Indubbiamente, il partito informale  e minoritario ma vigoroso che si opponeva alle riforme rooseveltiane –  in particolare all’affermazione dei  nuovi sindacati industriali e alla previdenza  sociale –  non si è mai dato per vinto. Dopo l’inizio della Guerra fredda l’ostilità padronale alla sindacalizzazione, i licenziamenti (illegali ma tollerati) dei militanti sindacali, le nuove leggi antisciopero dei singoli stati, il razzismo intaccavano l’assetto di garanzie del lavoro conquistate alla metà degli anni Trenta.

Il contraccolpo alla restaurazione viene con i movimenti degli anni Sessanta e nei primi anni Settanta,  con le campagne contro la discriminazione razzista e per salari adeguati – ma anche per la fine della guerra del Vietnam.  Dal 1973  riparte  la reazione con lo shock petrolifero e poi, nel 1979, con il golpe ovattato della Federal Reserve  che, aumentando drasticamente i tassi d’interesse, spegne l’inflazione e riduce i salari reali e l’occupazione. Sono gli anni in cui, con la forza dei movimenti oggettivi, il capitale industriale statunitense  prova sempre più a emanciparsi da larga parte della “sua” classe operaia investendo all’estero. A questo nuovo assetto fin dagli anni Sessanta alludevano i corifei  della scomparsa della classe operaia, i lancillotti della liquidazione dei salariati nei cosiddetti “settori maturi” (leggi: sindacalizzati) e gli  scout degli investimenti in Asia e in America latina.

Domandiamoci: sarebbe stato possibile risparmiarsi la crisi corrente? Forse, ma solo mettendo a ferro e fuoco un paio di  continenti. Sarebbe “bastato” che fosse in atto  la corsa dei salari  verso il basso in Asia e in America latina, ossia che il Dipartimento di stato non avesse “perduto” la Cina nel 1947-49, che gran parte delle lotte  contro il colonialismo e il neocolonialismo fossero completamente fallite e che oggi gli investimenti all’estero potessero galleggiare su  interi continenti di lavoratori senza diritti e in concorrenza endemica tra di loro.

L’euforia capitalistica  scoppiata dopo il crollo del Muro di Berlino nel 1989 ha subìto una prima doccia fredda con la cosiddetta crisi asiatica del 1997, provocata principalmente dalle  rivendicazioni e dalle lotte sociali in Corea del Sud, Indonesia, Tailandia.
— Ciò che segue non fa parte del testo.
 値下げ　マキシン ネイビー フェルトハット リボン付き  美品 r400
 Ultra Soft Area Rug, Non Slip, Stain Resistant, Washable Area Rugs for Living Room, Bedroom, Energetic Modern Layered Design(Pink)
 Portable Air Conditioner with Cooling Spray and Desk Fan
Poi i movimenti sorti attorno a  Seattle e a Genova  hanno addirittura anticipato le guerre disastrose in Iraq e in Afghanistan. Il disperato tentativo della Federal Reserve sotto Greenspan di  abbattere il malcontento interno trasformando gli Usa in un paese di  capitalisti immaginari, ma davvero indebitati, si è rivelato un misero espediente per guadagnare tempo e scaricare la crisi sulla presidenza subentrante nel 2008.

Il recente tentativo di salvataggio del sistema finanziario statunitense deve parecchio alla tragicomica emissione di un’enorme quantità di nuove banconote, il cosiddetto “credito puro”. La  più grande nevicata di denaro mai fioccata sulle maggiori istituzioni finanziarie  statunitensi  e sui loro titoli tossici ha evitato, tra l’altro, il massiccio ricorso al contante per tutti gli scambi, come invece  era avvenuto sùbito  dopo il 9  luglio del 1932, quando chi era ancora solvente  versava in banconote  persino le rate del mutuo, dato che i creditori rifiutavano gli assegni.
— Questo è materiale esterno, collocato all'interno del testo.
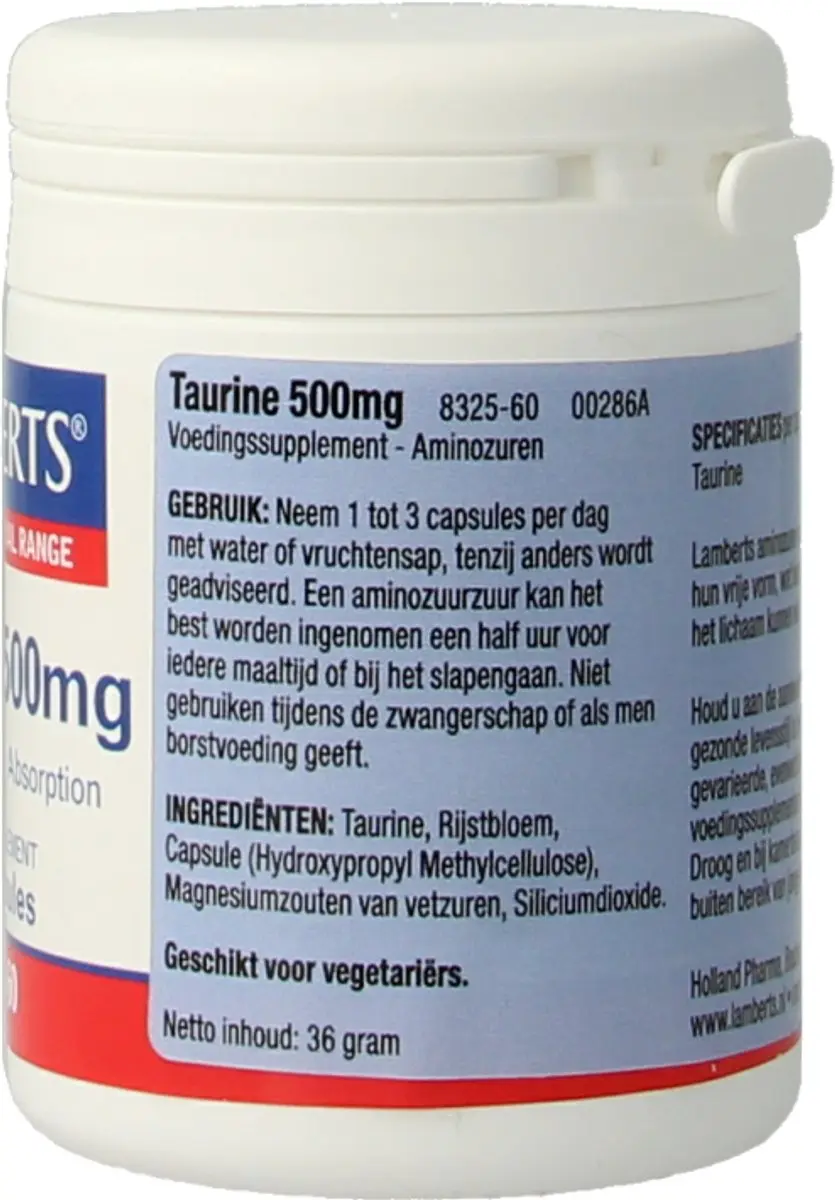 Lamberts Taurine 500mg Capsules - 60 Stuks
Mentre  nel 1932 la scala dei salvataggi era  limitata “ai tempi insoliti ed esigenti”, nella crisi corrente  la Federal Reserve ha fatto le cose in grande.  Ha stampato cartamoneta per le maggiori  banche (e per una compagnia di assicurazione) e ha lasciato naufragare molte  banche minori (con l’aggiunta di una grossa, la Lehman).  Salvate le grandi, le piccole si arrangino: adesso come all’inizio degli anni Trenta.  Nel folklore della Grande depressione non poteva mancare la storia  del  modesto  banchiere di una città  del Kansas. Di buon mattino, costui si presentò  rilassato di fronte a una  fila di ansiosi creditori, addentando una mela e offrendo mele a tutti da un barile che fin dall’alba aveva prudentemente collocato davanti alla banca. Alla vista di un raro banchiere sicuro di sé, gran parte dei creditori  ritrovarono la loro  fiducia, disperdendosi senza reclamare i crediti.
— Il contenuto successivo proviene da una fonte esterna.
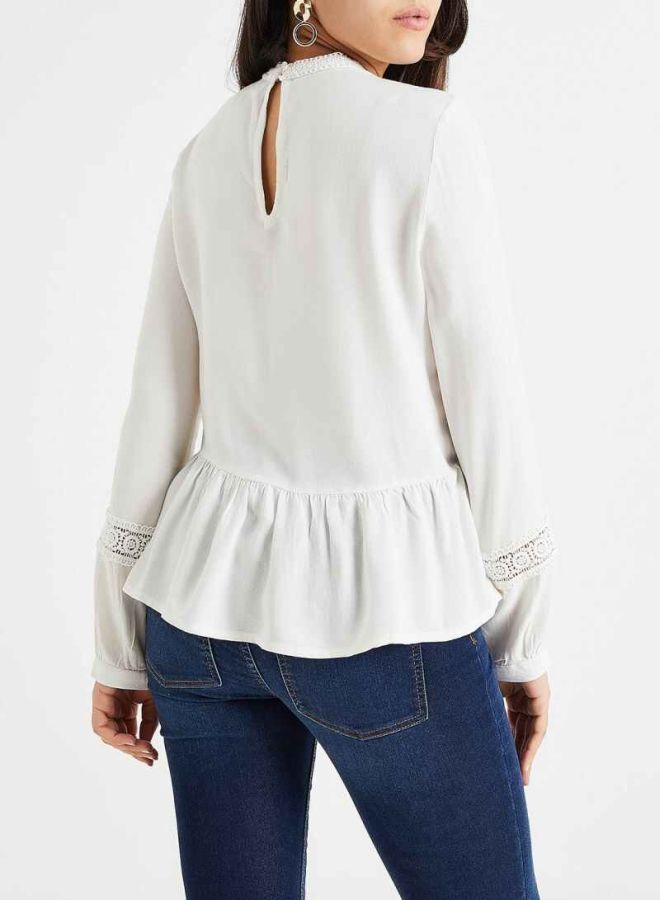 Jacqueline de Yong - Round Neck Frill Top White/Cloud Dancer - Image 1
Nell’attuale congiuntura, dov’è l’albero di mele? In Cina? Di stretta misura Washington ha evitato il  panico finanziario nei grandi centri urbani con l’emissione di nuovo denaro, così rimettendo in sella un sistema finanziario che aveva appena morso la polvere. In breve, qual è  il rischio corrente che deriva da tale operazione?  Quello dell’eccesso di debito federale  che potrebbe  scassare la finanza pubblica. E’ un rischio  dal quale non sono immuni altri governi nordatlantici.  Ma quando si dice che “Washington” ha evitato il panico, a quali attori  ci si riferisce? In effetti, la vera decisione di  fornire un’enorme quantità di cartamoneta fresca d’inchiostro alle grandi finanziarie non è stata presa dagli organi costituzionalmente preposti, bensì da pochissimi individui, (nessuno dei quali eletto), e soltanto in séguito è stata avallata dagli eletti. La Costituzione degli Stati Uniti ha un bel dettare che “il Congresso ha il potere di battere moneta e di regolarne il valore”. Di fatto, al Tesoro e alla Federal Reserve (architettata nel 1913) una ristretta cerchia di esperti, scommettendo sulla ripresa entro il 2010,  ha fatto assumere alla Federal Reserve “i contorni di un bazar mediorientale”, come ha scritto nel maggio del 2009 il  maggiore quotidiano economico statunitense, peraltro senza chiedere scusa ai bazar.  E se  la ripresa non spunta, si profila all’orizzonte un’altra crisi. Il conto dovrebbero pagarlo i  meno fortunati con un’inflazione predatoria e con un indebitamento lungo quanto qualche generazione.